- WORK TASK -
Write out every entry, unchanged. Skip any picture.

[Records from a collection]
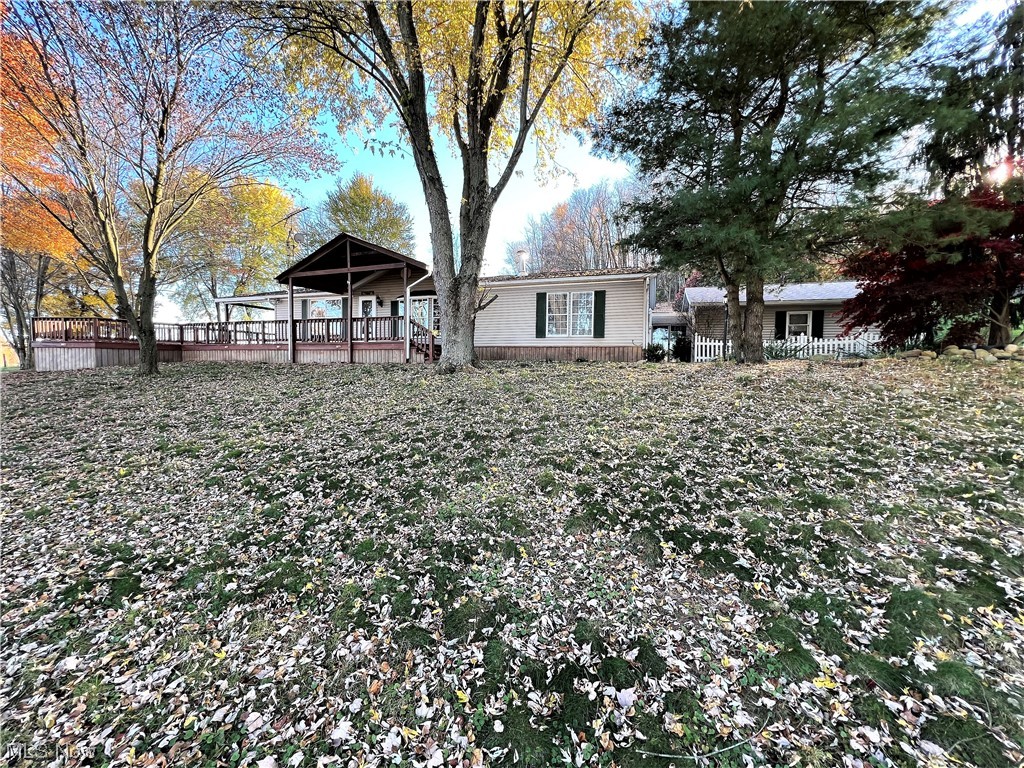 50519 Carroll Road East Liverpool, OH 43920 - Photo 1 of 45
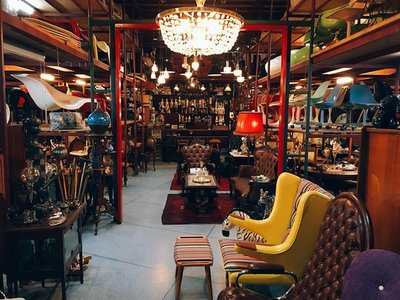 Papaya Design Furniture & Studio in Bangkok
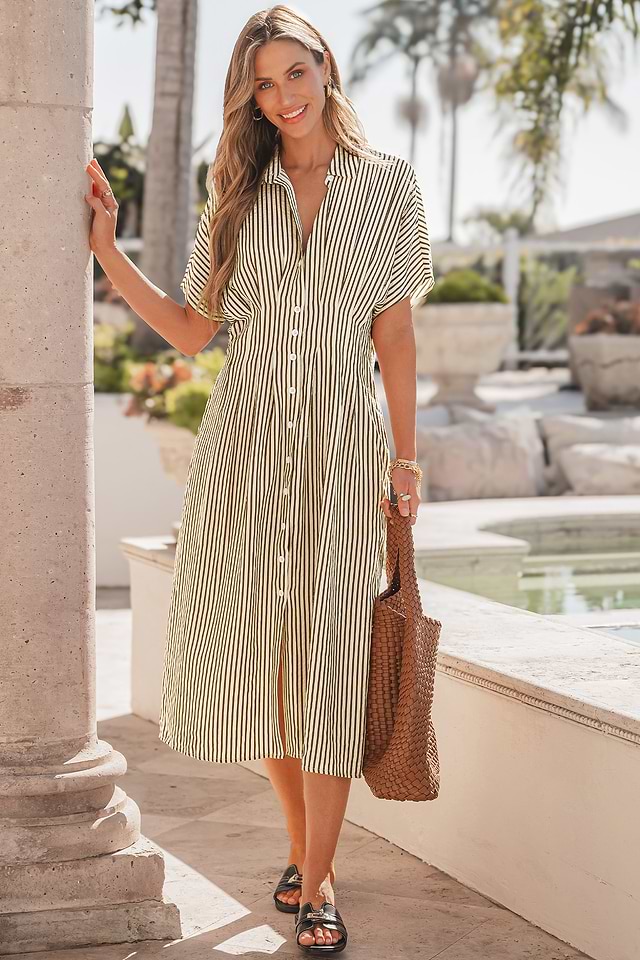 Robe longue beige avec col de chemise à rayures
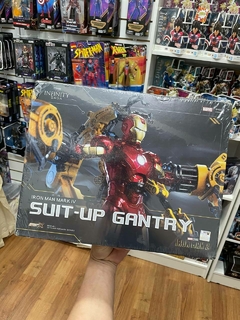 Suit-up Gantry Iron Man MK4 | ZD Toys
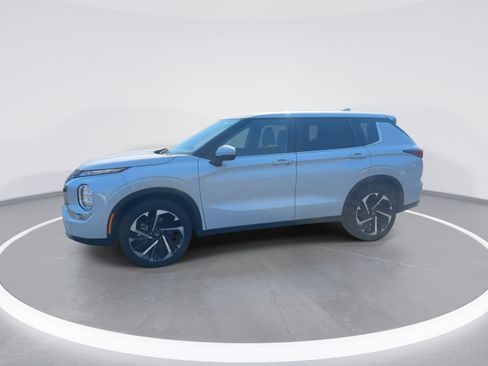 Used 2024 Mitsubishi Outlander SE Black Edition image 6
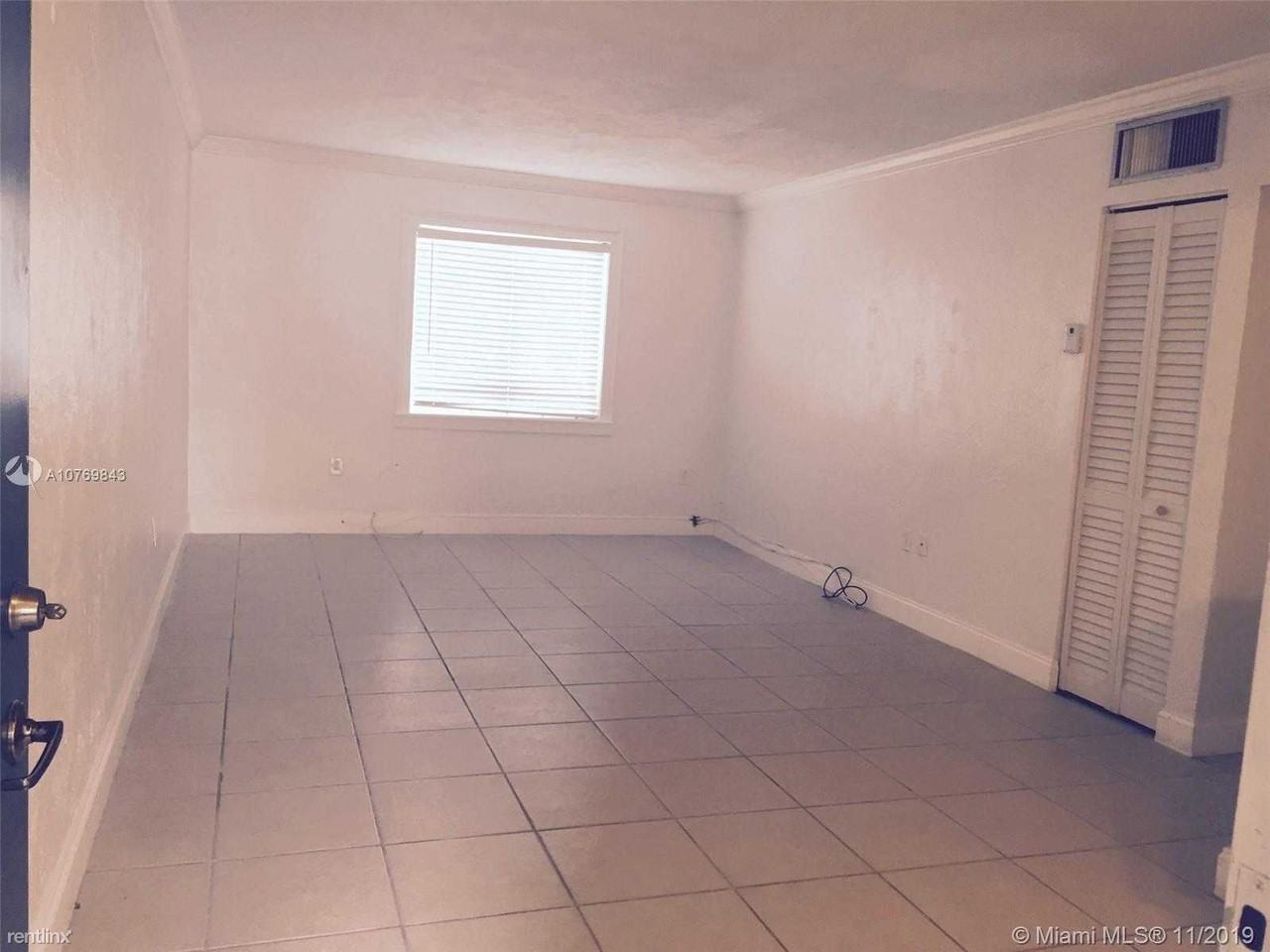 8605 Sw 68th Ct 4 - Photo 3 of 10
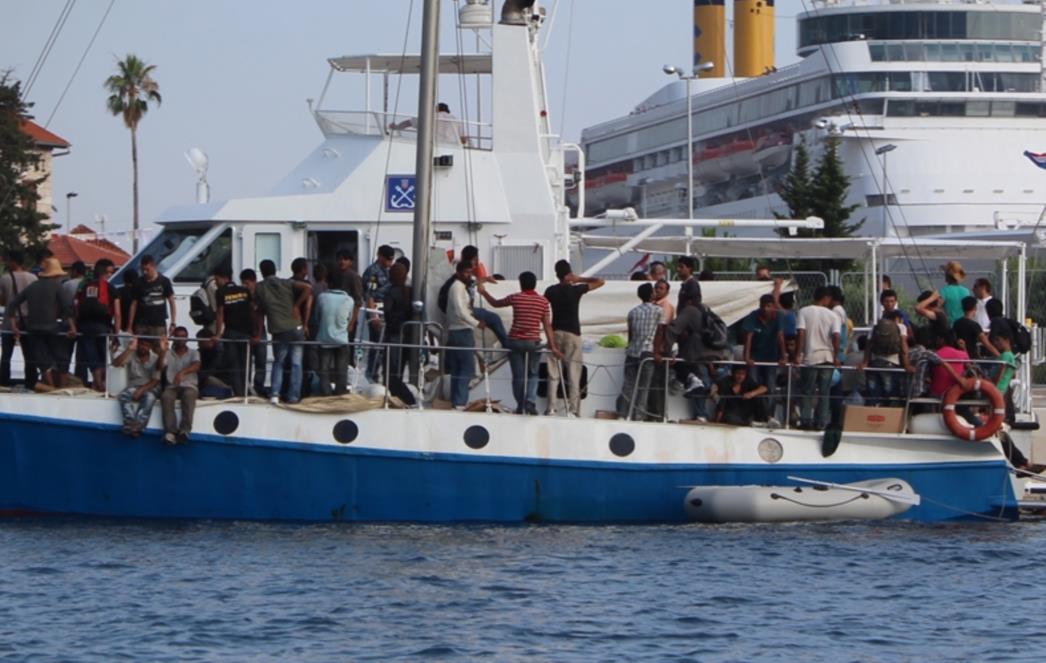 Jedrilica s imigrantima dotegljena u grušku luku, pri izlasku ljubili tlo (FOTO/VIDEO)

- RESPONSE BOX -
 50519 Carroll Road East Liverpool, OH 43920 - Photo 1 of 45
 Papaya Design Furniture & Studio in Bangkok
 Robe longue beige avec col de chemise à rayures
 Suit-up Gantry Iron Man MK4 | ZD Toys
 Used 2024 Mitsubishi Outlander SE Black Edition image 6
 8605 Sw 68th Ct 4 - Photo 3 of 10
 Jedrilica s imigrantima dotegljena u grušku luku, pri izlasku ljubili tlo (FOTO/VIDEO)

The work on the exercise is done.